▸ **What needs to be done**:
Each entry should be repeated exactly. Its pictures should not be.

▸ **Supplied records**:
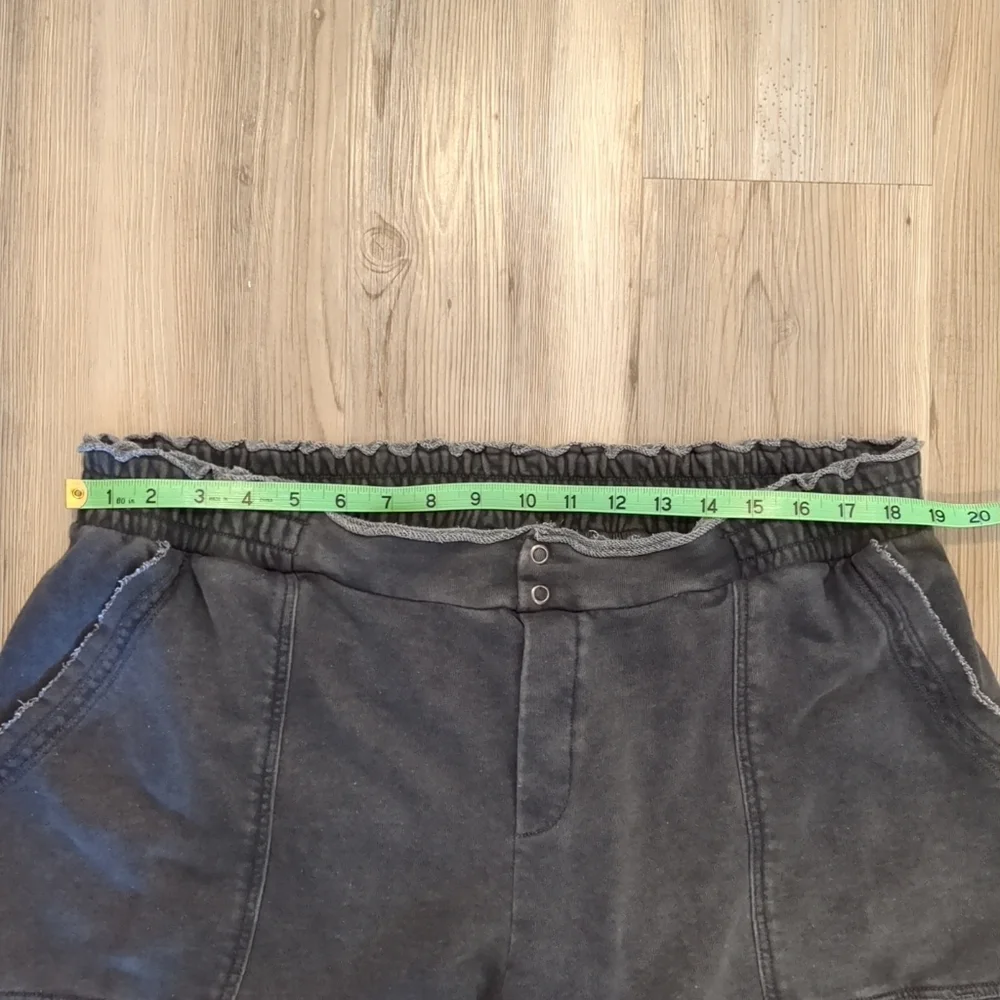 Women's Gray Cargo Pants - Picture 6 of 10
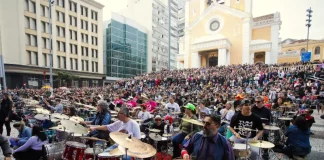 bateristas participando da edição de Orquestra de Baterias em Florianópolis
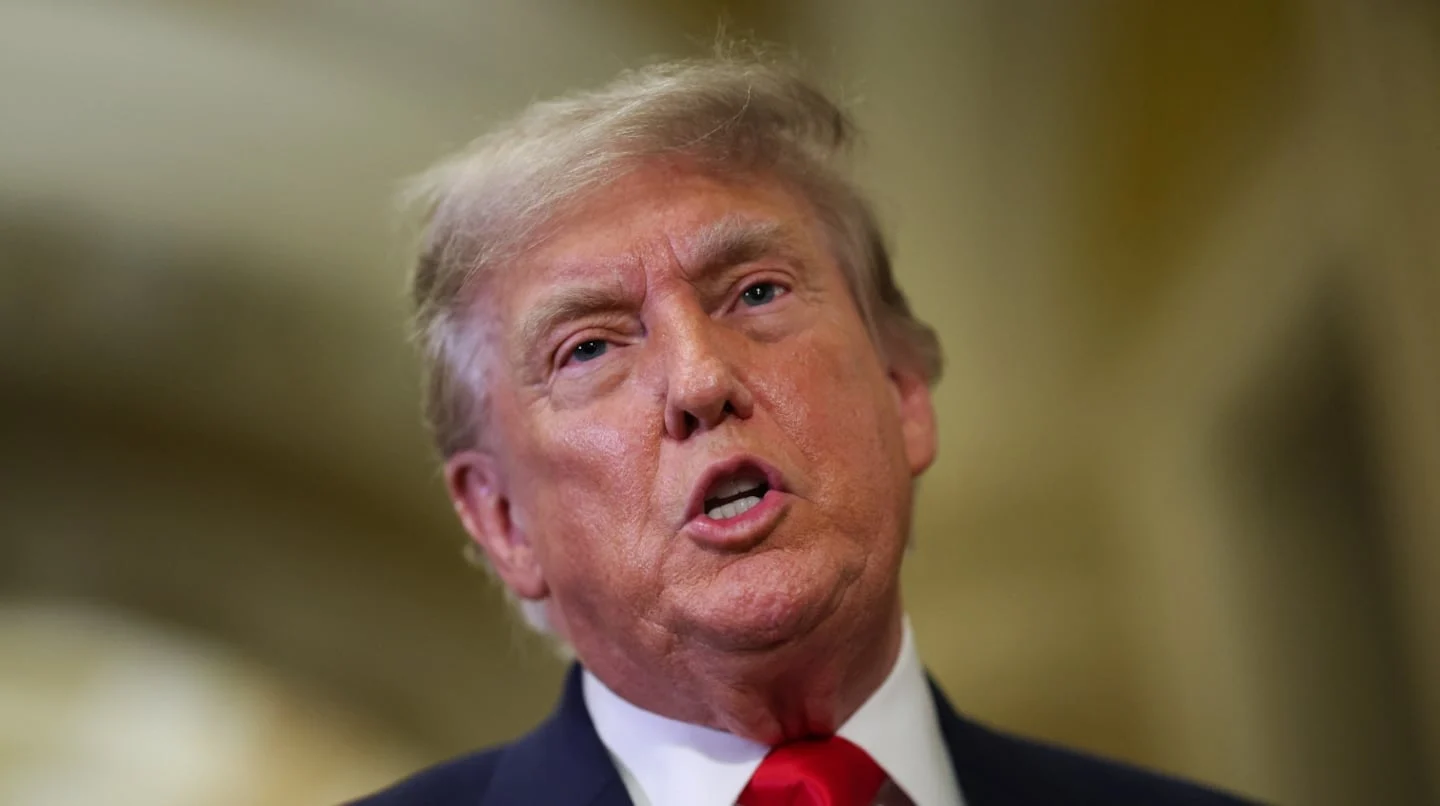 Donald Trump hablando en una conferencia de prensa sobre la situación en Irán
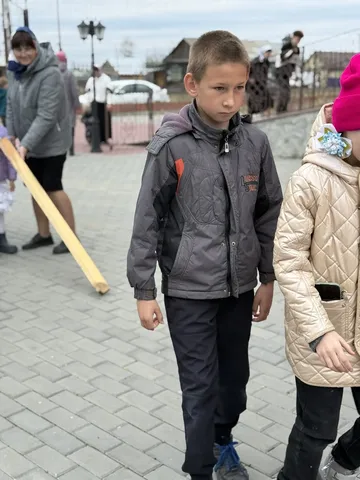 Пасхальная радость в Межборном: детский праздник с колокольным звоном и хот-догами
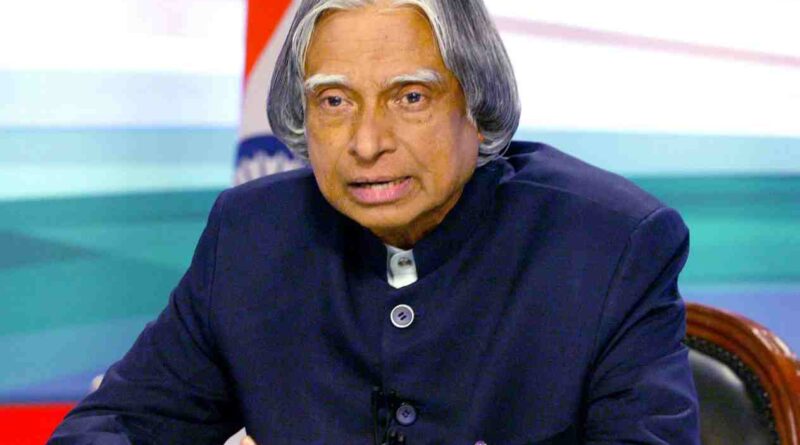 APJ Abdul Kalam Death Anniversary Quotes in Hindi ,APJ Abdul Kalam Death Anniversary Wishes in Hindi,APJ Abdul Kalam Death Anniversary Status in Hindi,APJ Full Form in Abdul Kalam Name ,एपीजे अब्दुल कलाम पुण्यतिथि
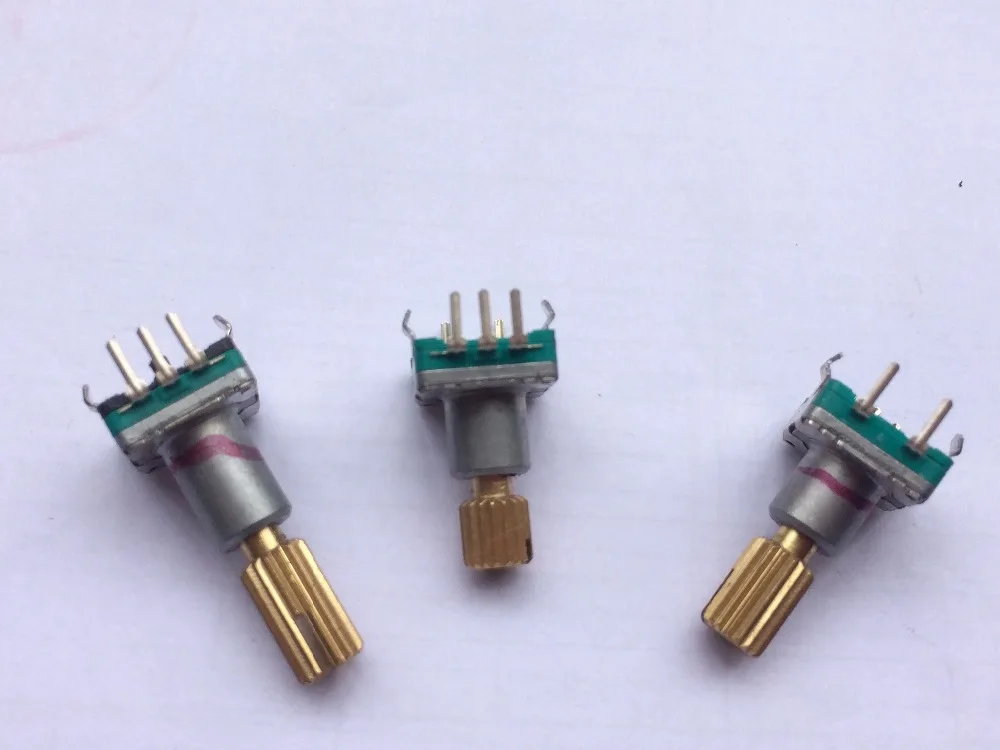 

Original new 100% import EC11 encoder 30 point switch 1.5MM automotive volume potentiometer copper shaft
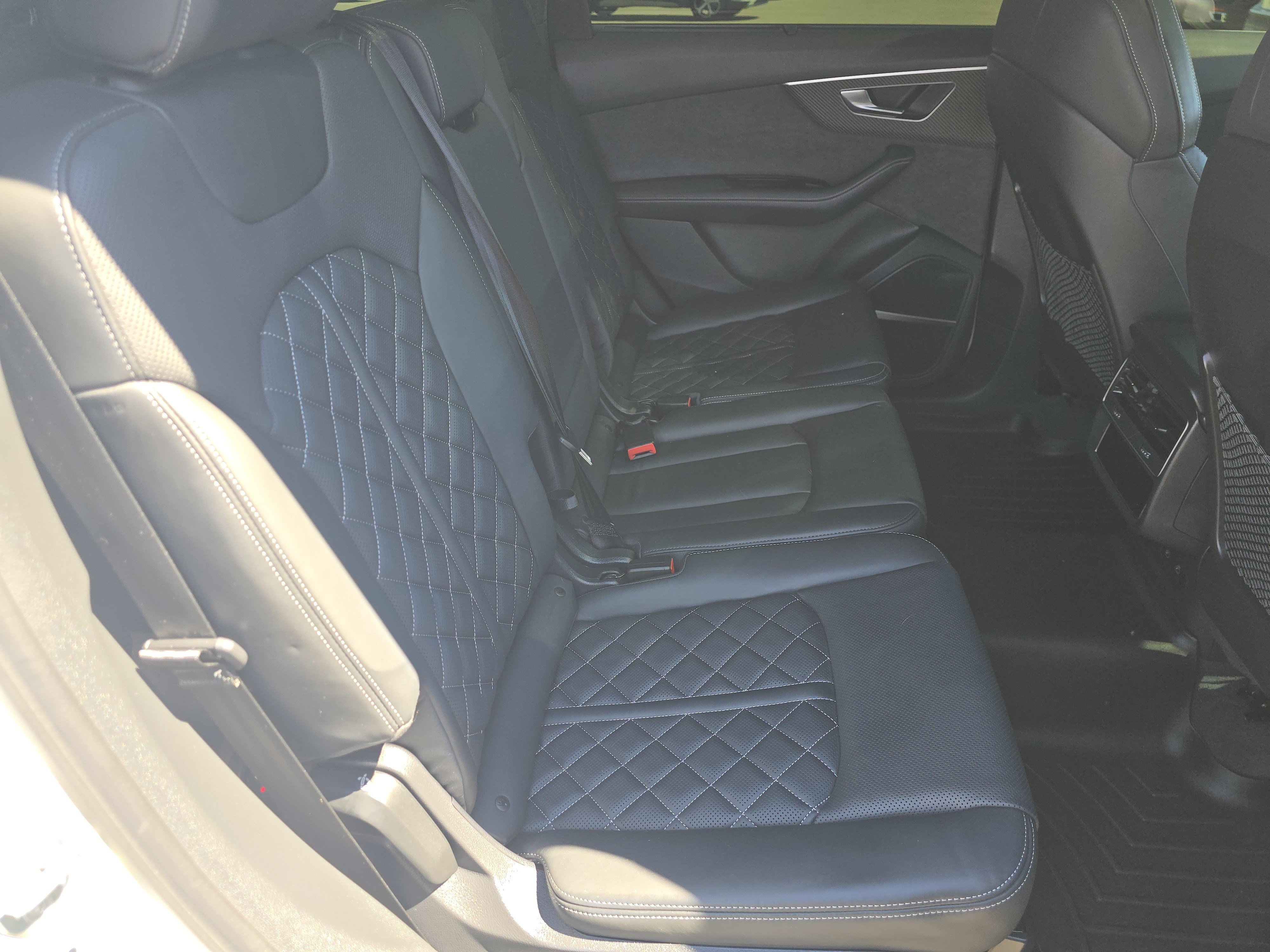 Used 2025 Audi SQ7 Prestige AWD/4WD image 19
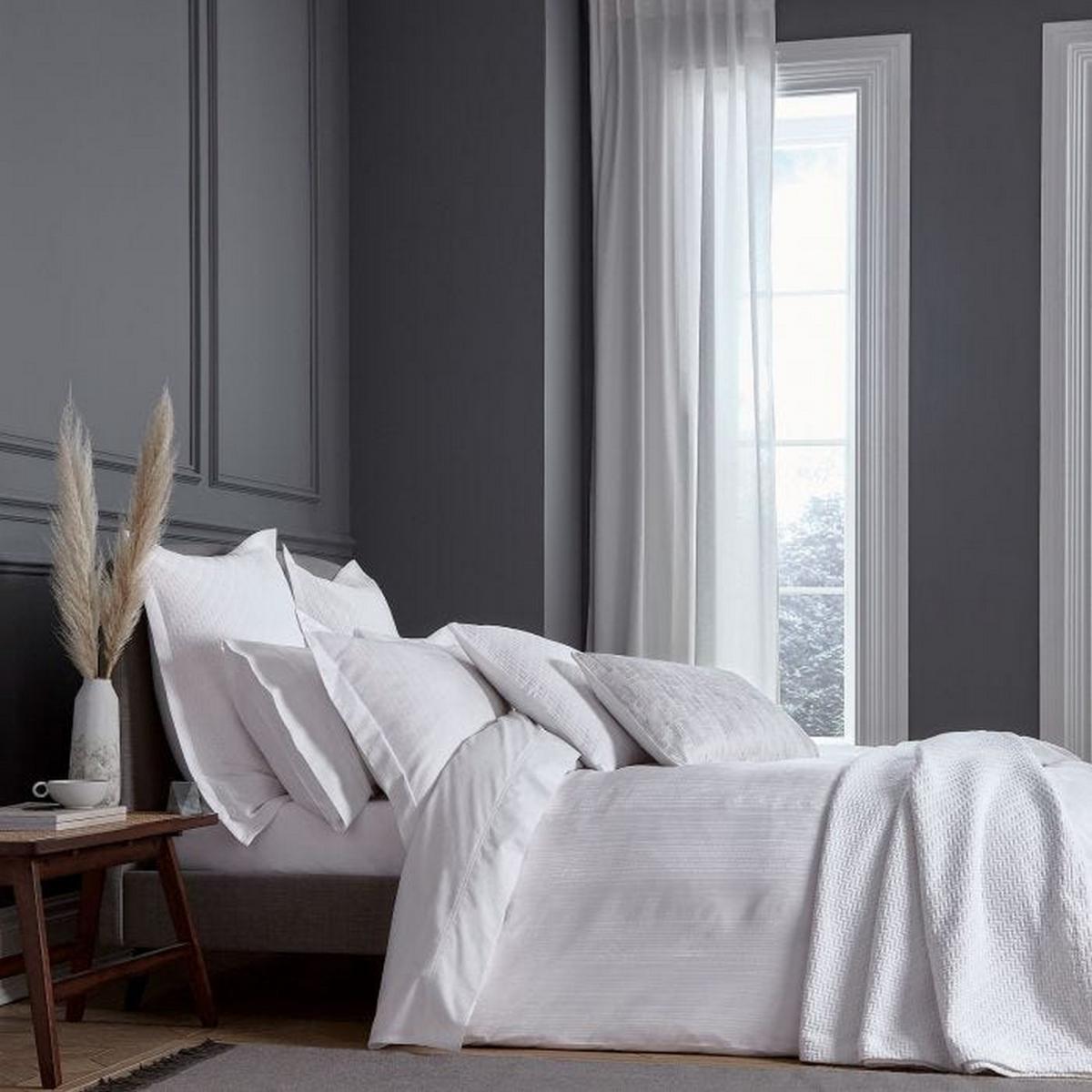Oro Fine Linens Stripe Cotton Bedding in White 140x200cm – image 1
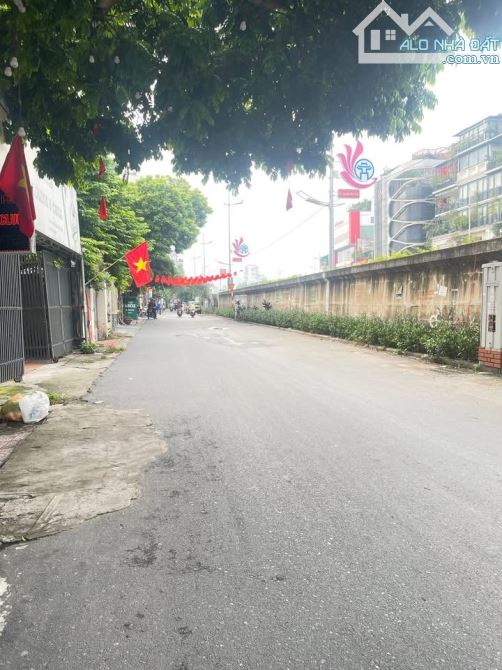 ÂU CƠ - GIÁP NGHI TÀM, 1 NHÀ RA PHỐ, XÂY CCMN, 80M2 x MT 4.5M, 14.5 TỶ - 2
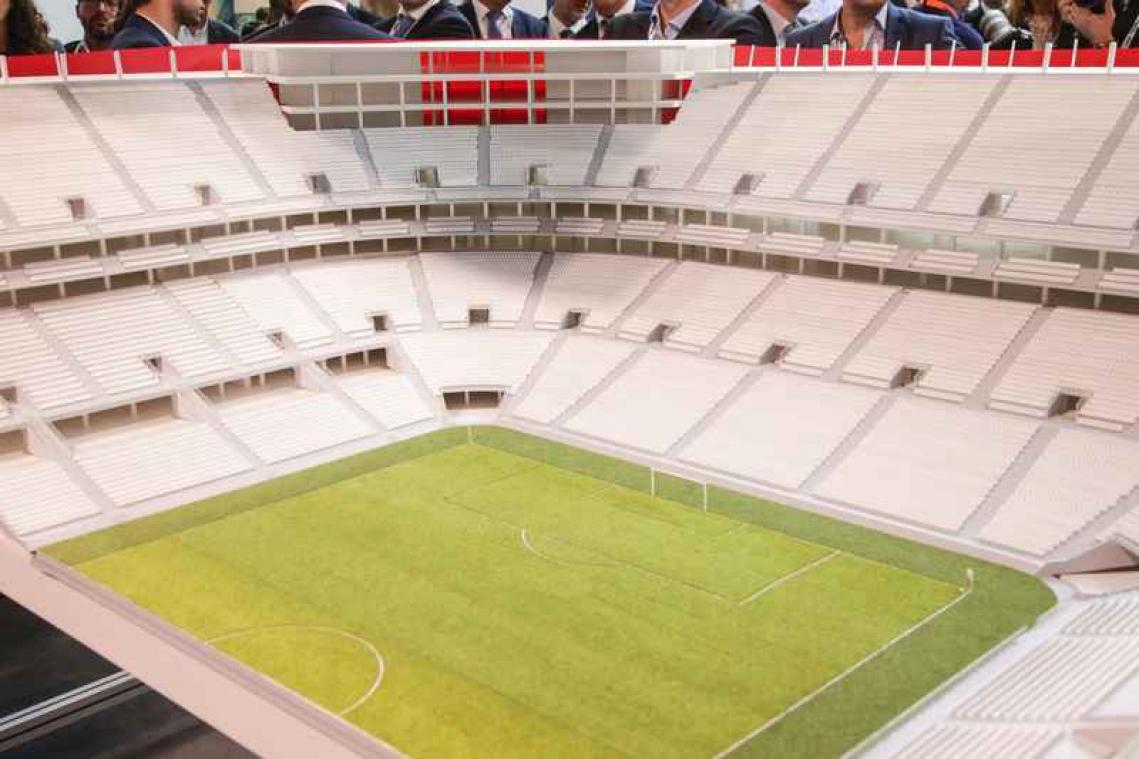 Vier kapers op de kust voor openingsmatch EK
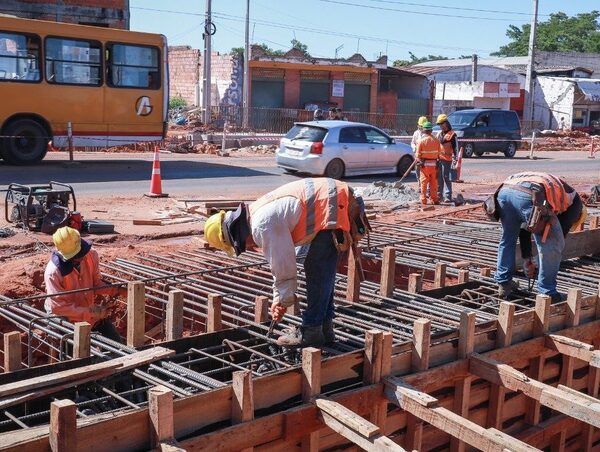 La deuda pública será un desafío para el nuevo gobierno, dice exministro · Radio Monumental 1080 AM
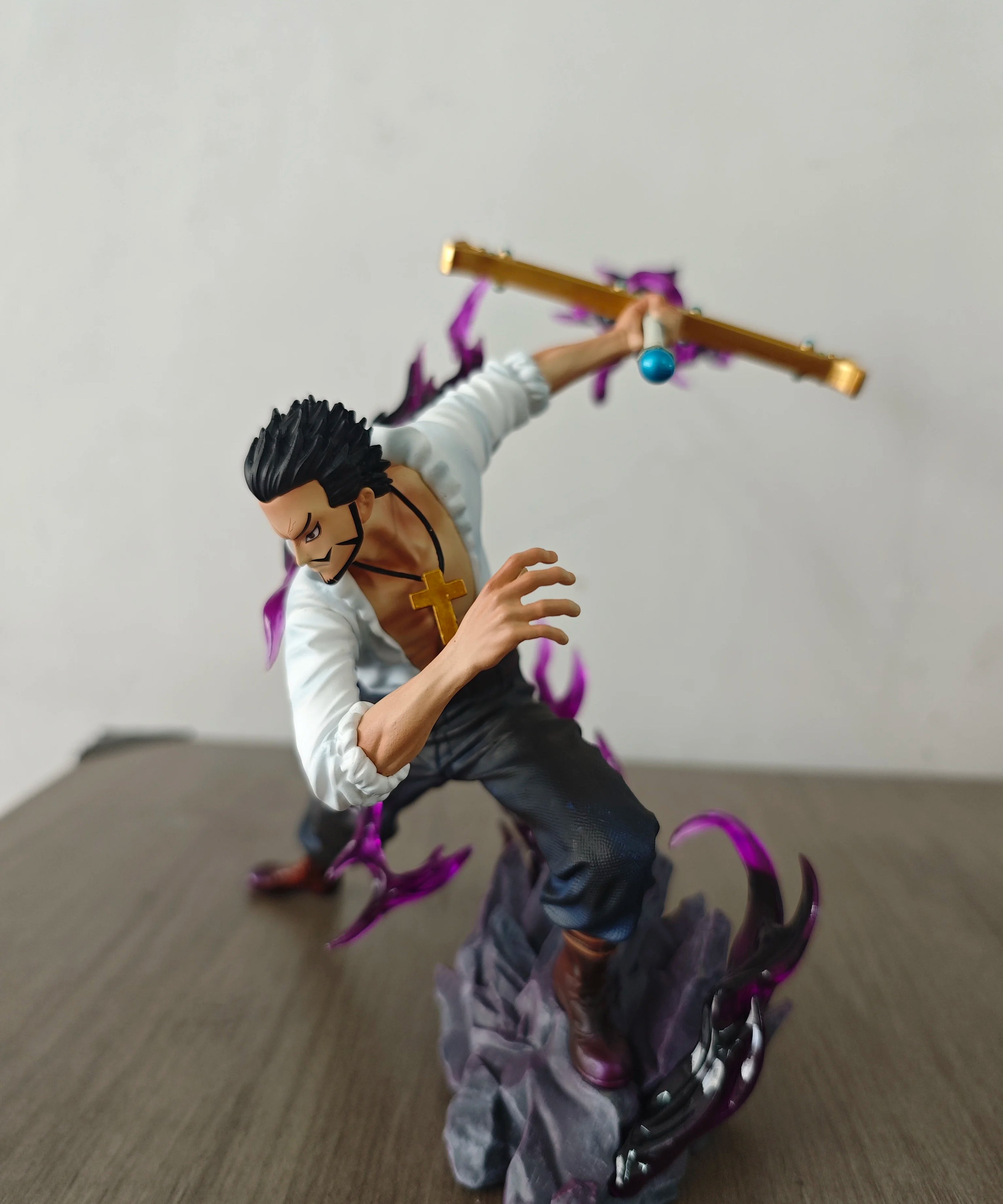 23cm One Piece Dracule Mihawk Figures Mi Hawk Anime Figure Action Figure Pvc Model Statue Collection Decoration Toys Gift Doll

▸ **Response below**:
 Women's Gray Cargo Pants - Picture 6 of 10
 bateristas participando da edição de Orquestra de Baterias em Florianópolis
 Donald Trump hablando en una conferencia de prensa sobre la situación en Irán
 Пасхальная радость в Межборном: детский праздник с колокольным звоном и хот-догами
 APJ Abdul Kalam Death Anniversary Quotes in Hindi ,APJ Abdul Kalam Death Anniversary Wishes in Hindi,APJ Abdul Kalam Death Anniversary Status in Hindi,APJ Full Form in Abdul Kalam Name ,एपीजे अब्दुल कलाम पुण्यतिथि

Original new 100% import EC11 encoder 30 point switch 1.5MM automotive volume potentiometer copper shaft
 Used 2025 Audi SQ7 Prestige AWD/4WD image 19
Oro Fine Linens Stripe Cotton Bedding in White 140x200cm – image 1
 ÂU CƠ - GIÁP NGHI TÀM, 1 NHÀ RA PHỐ, XÂY CCMN, 80M2 x MT 4.5M, 14.5 TỶ - 2
 Vier kapers op de kust voor openingsmatch EK
 La deuda pública será un desafío para el nuevo gobierno, dice exministro · Radio Monumental 1080 AM
 23cm One Piece Dracule Mihawk Figures Mi Hawk Anime Figure Action Figure Pvc Model Statue Collection Decoration Toys Gift Doll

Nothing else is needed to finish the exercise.